▶ **Task objective**: Reproduce every line of the material, exactly as given.

(The data Opens)

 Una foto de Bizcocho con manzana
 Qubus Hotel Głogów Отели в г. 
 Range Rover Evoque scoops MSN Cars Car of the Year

(The data Closes)

▶ **Written reply**:
 Una foto de Bizcocho con manzana
 Qubus Hotel Głogów Отели в г. 
 Range Rover Evoque scoops MSN Cars Car of the Year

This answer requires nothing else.